6.2.4. İdarenin kıyı kenar çizgisi çalışmalarında, o yere ilişkin kamu görevlilerince önceden oluşturulmuş komisyon çalışmalarını içerir kayıt ve belgeler getirtilmeli, bunlardaki verilerle, mahkemece kıyı kenar çizgisi oluşturmak için bilirkişilerce yapılan çalışmalarda elde edilen veri ve bulguların örtüşmemesi durumunda, bunun nedenleri hakkında bilirkişilerden bilimsel gerekçelere ve maddi bulgulara dayalı, doyurucu ve denetime açık ek rapor alınmalıdır. Başka bir anlatımla, eldeki uyuşmazlıkta idari saptamalardan takdiri delil olarak yararlanılması zorunludur. Yargıtay Hukuk Genel Kurulu'nun 26.06.2003 tarihli ve 97/110 sayılı kararı da bu doğrultudadır. Yapılacak bu araştırmalarla, dava konusu taşınmazın kıyı kenar çizgisinin hangi tarafında kaldığı duraksamaya yer vermeyecek şekilde belirlendikten sonra, oluşacak durum, dosya içeriği, iddia ve savunma doğrultusunda toplanan diğer tüm deliller birlikte tartışılıp değerlendirilerek, uyuşmazlık hakkında bir karar verilmesi gerekir.

6.2.5. 6100 sayılı Hukuk Muhakemeleri Kanunu'nun (HMK) 114. maddesinin birinci fıkrasının “ı” bendi “Aynı davanın, daha önceden açılmış ve hâlen görülmekte olmaması.” hususunu dava şartı olarak düzenlemiştir.

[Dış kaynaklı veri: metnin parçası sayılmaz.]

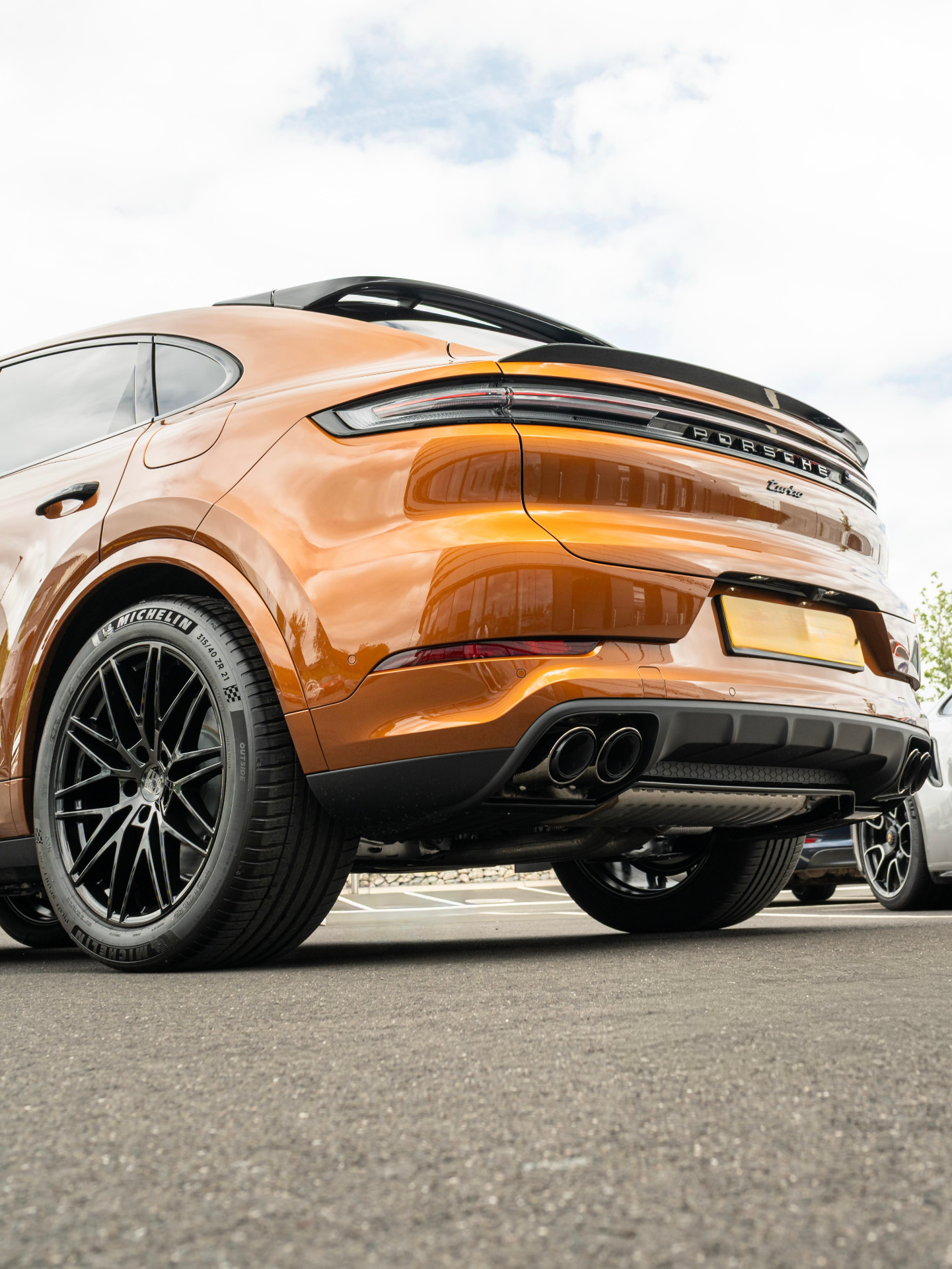 Orange Porsche Cayenne Coupe Turbo rear three-quarter view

6.2.6. Öte yandan HMK’nın 297/2. maddesine göre, “Hükmün sonuç kısmında, gerekçeye ait herhangi bir söz tekrar edilmeksizin, taleplerden her biri hakkında verilen hükümle, taraflara yüklenen borç ve tanınan hakların, sıra numarası altında; açık, şüphe ve tereddüt uyandırmayacak şekilde gösterilmesi gereklidir.” düzenlemesine yer verildiği de açıktır.

6.3. Değerlendirme

6.3.1. Dosya içeriğinden, davacı Hazine tarafından 2003/3322 Esas sayılı asıl davanın ve 2007/942 Esas sayılı birleştirilen davanın 160 parsel sayılı taşınmazdaki D blok 1 no.lu bağımsız bölüm maliki davalı ...’e, birleştirilen 2003/3324, 2007/977 ve 2007/978 Esas sayılı davaların B blok 2 no.lu bağımsız bölüm maliki davalı ...’e, birleştirilen 2007/1093 Esas sayılı davanın B blok 1 no.lu bağımsız bölüm maliki davalı...’ya, birleştirilen 2004/2046 ve 2007/976 Esas sayılı davaların C blok 1 ve 2 no.lu bağımsız bölümlerin maliki davalı ...’ye, birleştirilen 2004/2047 Esas sayılı davanın A blok 1 ve 2 no.lu bağımsız bölümlerin maliki davalı ...’e, birleştirilen 2004/2053 Esas sayılı davanın D blok 2 no.lu bağımsız bölüm malikleri davalılar ..., ..., ... ve ...’ya karşı açıldığı, davalı ...’nün 2010 yılında, davalı...’nun ise 2013 yılında öldükleri ve mirasçılarının davaya dahil edildikleri anlaşılmaktadır.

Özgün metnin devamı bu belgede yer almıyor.